Available records
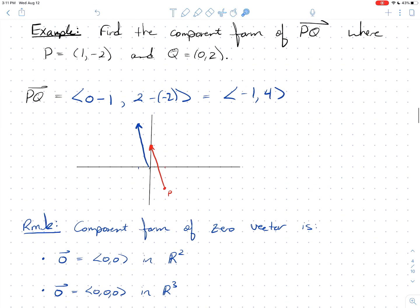Last thing for this video: the component form of the zero vector is simply ⟨0, 0⟩ in R² or ⟨0, 0, 0⟩ in R³.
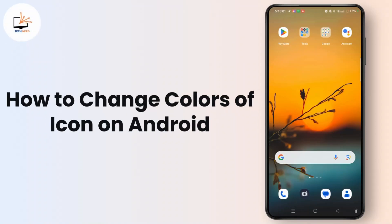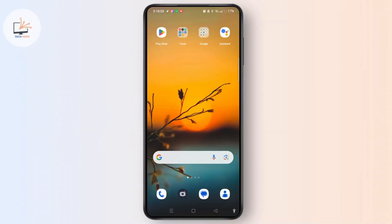How to change color of icons on Android. Hi everyone, welcome to the channel. This is Rose and I'm here to guide you to change color of icons on Android. So do watch the video till the end and without any further ado, let's dive right into the video.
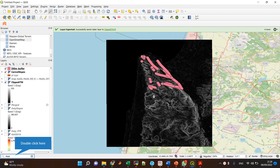In QGIS it's called Zonal Statistics. What I'm using here is a slope raster I calculated and a layer that contains polygons.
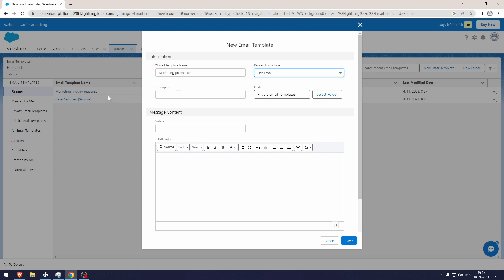People that you're going to be sending this email to, they're not going to be seeing any of this. So this description is purely to help yourself if you have a lot of email templates and you can't remember what the email template was only from the name. You can have the description to help you pinpoint exactly what this email template is about.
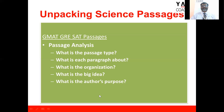The passage type could be argumentative or descriptive. If it is descriptive, everything is built around a central idea. If it is argumentative, you have a claim, and the claim is supported with reasons, recent studies, examples, factual information, etc.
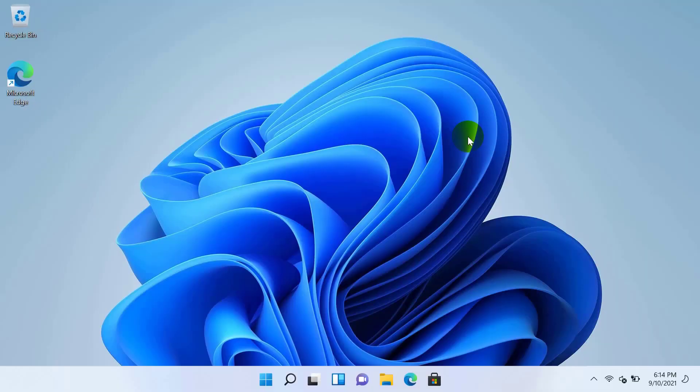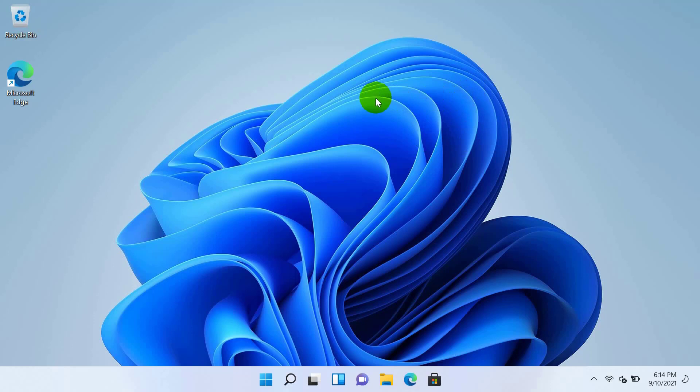After reinstalling Windows 11 on your computer, if you don't know how to get This PC, Network, Control Panel, or Recycle Bin icons on the desktop, or if these icons are somehow missing, this video is for you. Hi, this is Rubel from Tech Review. Today I will show you how to show desktop icons on Windows 11.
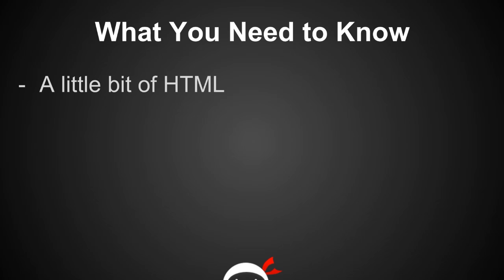The first one is what you need to know before you start this course. And secondly, just a brief overview of everything we're going to be covering in this course. So first of all, what do you need to know? Not a lot. Just a little bit of HTML.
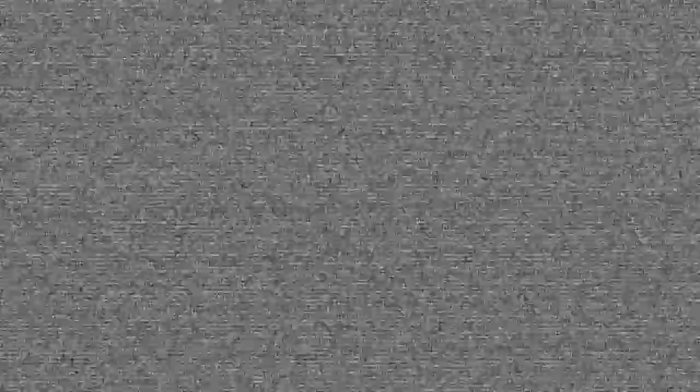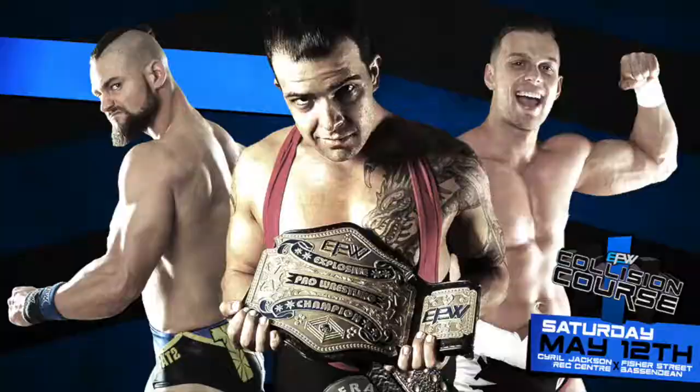Find out when EPW returns May 12 live at the Cyril Jackson Rec Center. It is Explosive Pro Wrestling's Collision Course.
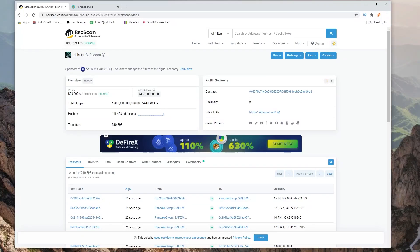Hey everybody and welcome back to another video. In this video I'm going to show you how to add the SafeMoon token to PancakeSwap. So let's get started.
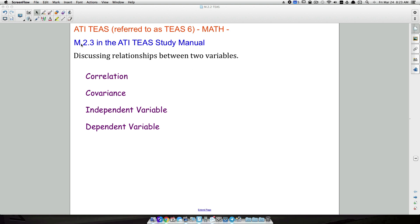In this video, we're going to look at goal M.2.3 in the ATIT study manual for math, and we're going to discuss the relationships between two variables. Hopefully you'll get a better understanding of correlation and covariance, as well as what can make something an independent variable and what can make something a dependent variable.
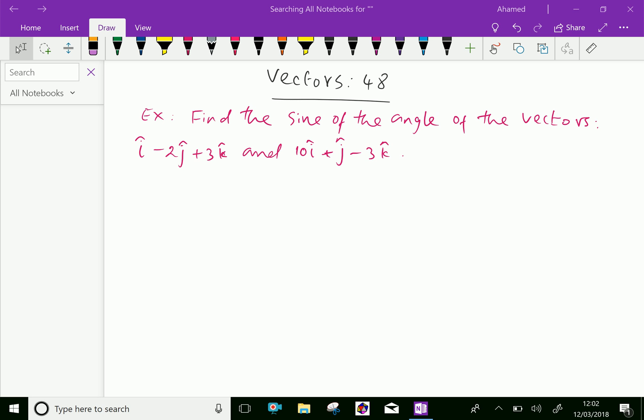Welcome to aminacademy.com. In vectors, let us do some example problem regarding cross product.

Assignment
In the entries above, which lines run from the one with "Find out when" up to and including the one with "Hey everybody and"? Write them out exactly, without the pictures.

Reply to the exercise
Find out when EPW returns May 12 live at the Cyril Jackson Rec Center. It is Explosive Pro Wrestling's Collision Course.
Hey everybody and welcome back to another video. In this video I'm going to show you how to add the SafeMoon token to PancakeSwap. So let's get started.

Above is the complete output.